The problem
Retype each line of the material exactly, please, skipping any picture in it.

Given information
/---

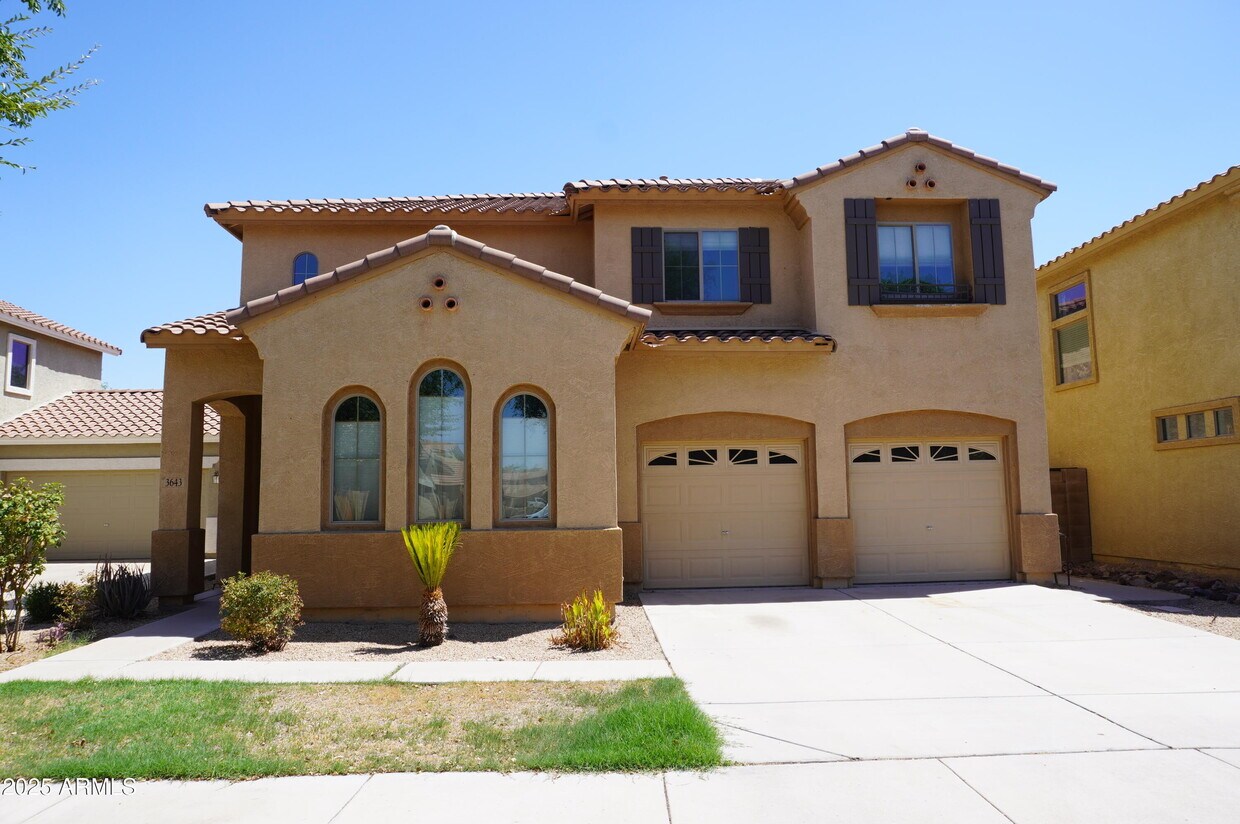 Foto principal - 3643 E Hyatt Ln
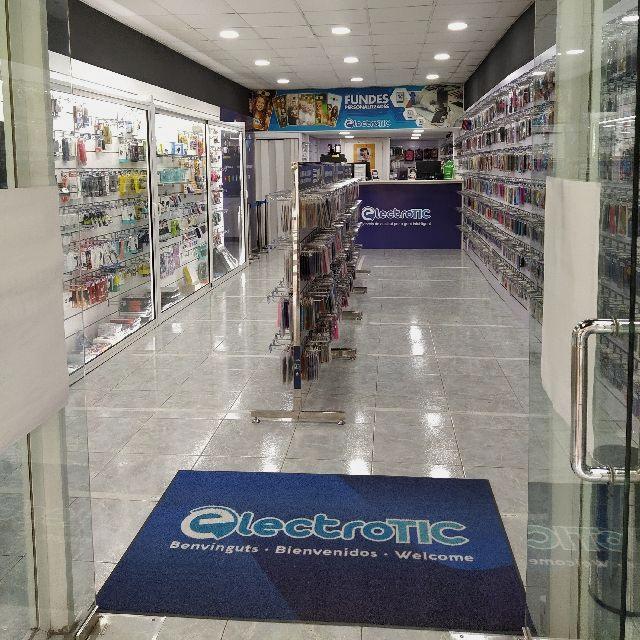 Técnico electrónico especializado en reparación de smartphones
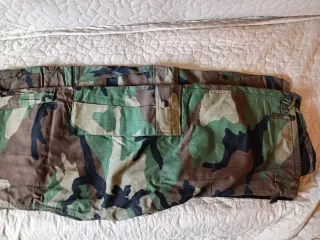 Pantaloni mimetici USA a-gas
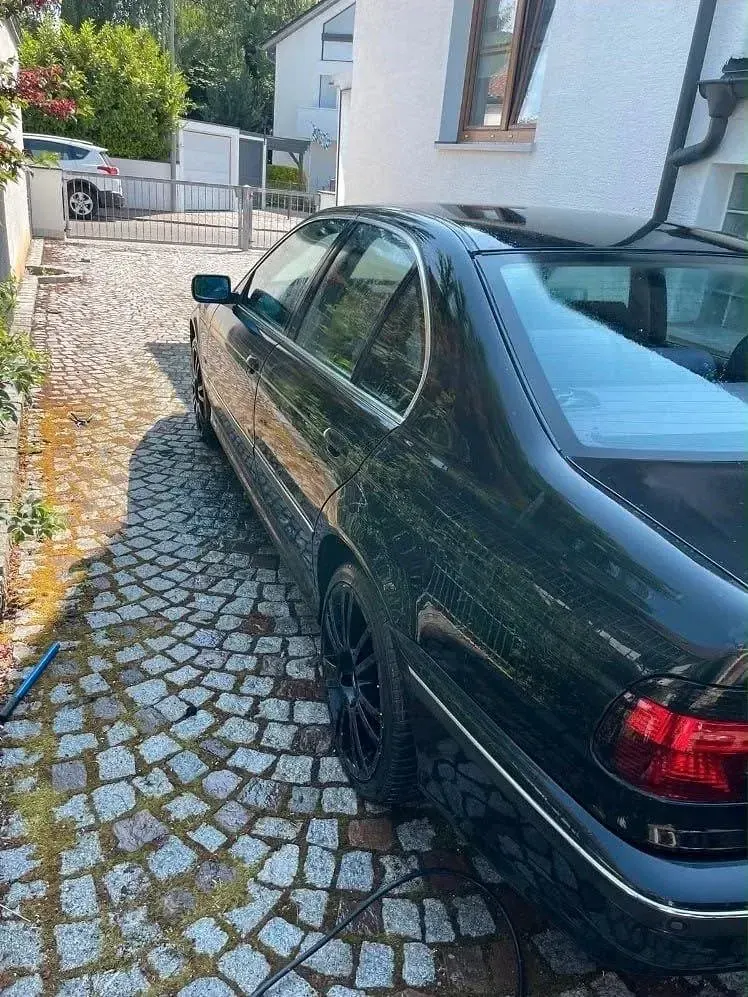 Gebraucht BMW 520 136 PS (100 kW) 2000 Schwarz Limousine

\---

Solution
 Foto principal - 3643 E Hyatt Ln
 Técnico electrónico especializado en reparación de smartphones
 Pantaloni mimetici USA a-gas
 Gebraucht BMW 520 136 PS (100 kW) 2000 Schwarz Limousine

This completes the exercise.